Définition, composition et évolution des grandes familles marocaines, dont l’histoire est jusqu’à présent plus connue sous le prisme politique que social.
Contrairement aux apparences, notre connaissance de l’histoire de la famille marocaine est encore très approximative. Vu que les historiens se sont d’abord intéressés à l’histoire politique et à l’histoire sociale du politique, le pouvoir visible ou occulte d’une constellation de grandes familles apparaît comme une tendance lourde de l’histoire marocaine. Ceci dit, pour mieux comprendre le phénomène, il faudrait restituer sa complexité et le situer dans différents processus socio-historiques. Le XIXe siècle est un lieu d’observation particulièrement révélateur, car il permet en même temps de saisir des continuités et de repérer des mutations décisives qui, du fait de la pénétration économique européenne, ont marqué la société marocaine au-delà de cette époque : ces mutations auront un impact sur la période du protectorat et même sur le temps postcolonial.

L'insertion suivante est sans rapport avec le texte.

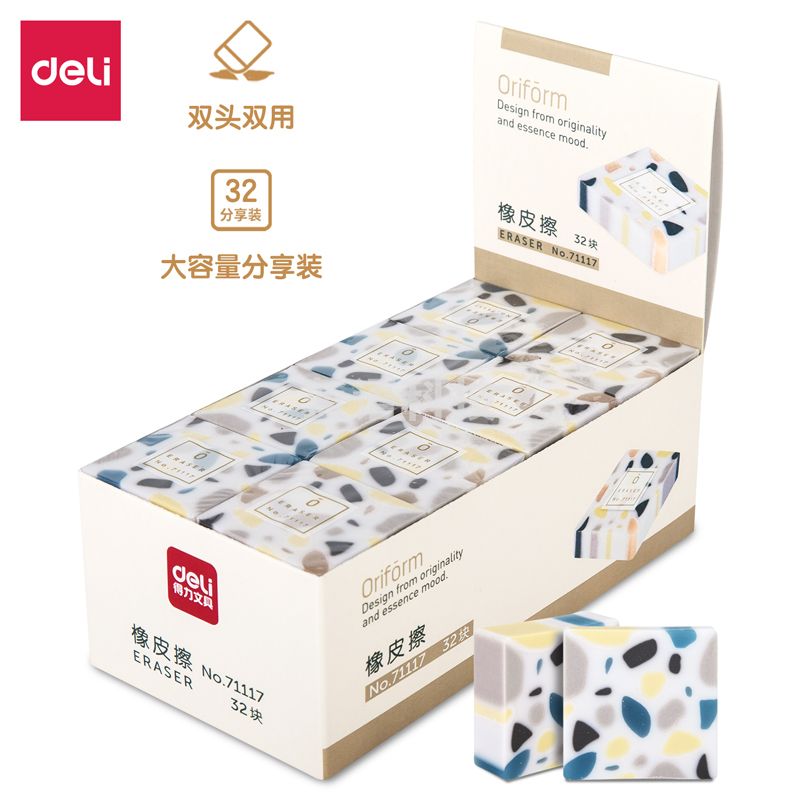 得力71115橡皮擦(混)(块)(整盒30块起售)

Portraits de (grandes) familles
Dans les campagnes, une grande famille est celle qui détient le commandement, fondé sur la supériorité militaire. On a même parfois avancé que l’émergence d’un nom de confédération de tribus est souvent synonyme de l’émergence d’un clan particulièrement fort, dominé à son tour par une grande famille. C’est ainsi qu’au XIe siècle, avec la geste des nomades Sanhaja, on relève la prééminence des Guddâla, Nafûssa et Lamtûna. Ce sont ces derniers qui ont pris le pouvoir sultanien, et plus particulièrement le clan des Banû Turghut, auquel appartient Youssef Ibn Tachfine. Plus tard, au XIXe siècle, l’apparition des tribus Zemmour est liée à la puissance de la famille Belghazi, qui a prêté main forte au souverain Souleïman dans un contexte conflictuel particulièrement délicat. Les Zemmour eux-mêmes font partie de la confédération Aït Idrassen, qui sera longtemps une précieuse alliée de la dynastie alaouite et que l’historien du XIXe siècle Abdou Al Qâsim Zayâni qualifie de «Berbères du Makhzen». Dans le milieu urbain, nettement minoritaire au niveau démographique, certaines familles occupent des positions dominantes comme les fuqahâ (experts en fiqh) et contrôlent des secteurs stratégiques comme la judicature ou la gestion des habous.